Pelo Vaticano II a Igreja deu ouvidos ao Espírito,
empenhou-se na sua “tarefa de perscrutar os sinais dos tempos e interpretá-los
à luz do Evangelho” (Constituição Pastoral Gaudium et Spes sobre a
Igreja no Mundo Moderno, nº 4). Nem sempre é claro aonde o Espírito está
nos conduzindo. Mas o terreno no qual nós, a Igreja, caminhamos adiante da
nossa peregrinação é firme: o Evangelho de Cristo. Nesta etapa da nossa
história, um de nossos instrumentos básicos de Tradição – de transmissão da fé
– são os documentos do Vaticano II.
A Tradição é um processo inteiramente pessoal.

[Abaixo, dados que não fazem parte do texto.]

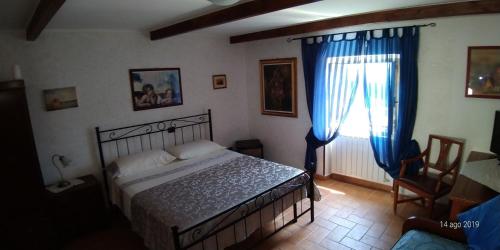 1 dormitorio con 1 cama y una ventana con cortinas azules en Il Borgo 38 en Scapoli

A fé é
transmitida de pessoa para pessoa. Papas e Bispos, sacerdotes e
religiosos, teólogos e mestres transmitem a fé. Mas as pessoas mais envolvidas
nesse processo são os pais e seus filhos. Filhos de pais chineses dificilmente
aprendem um dialeto irlandês. E filhos de pais não-praticantes dificilmente
aprendem uma fé profunda e vivencial. Assim, com relação à Tradição, guarde bem
na memória as palavras do célebre sacerdote e educador inglês, Cônego
Drinkwater: “Você educa até certo ponto… pelo que você diz, mais pelo que você
faz e ainda mais pelo que você é; mas acima de tudo, pelas coisas que você
ama”.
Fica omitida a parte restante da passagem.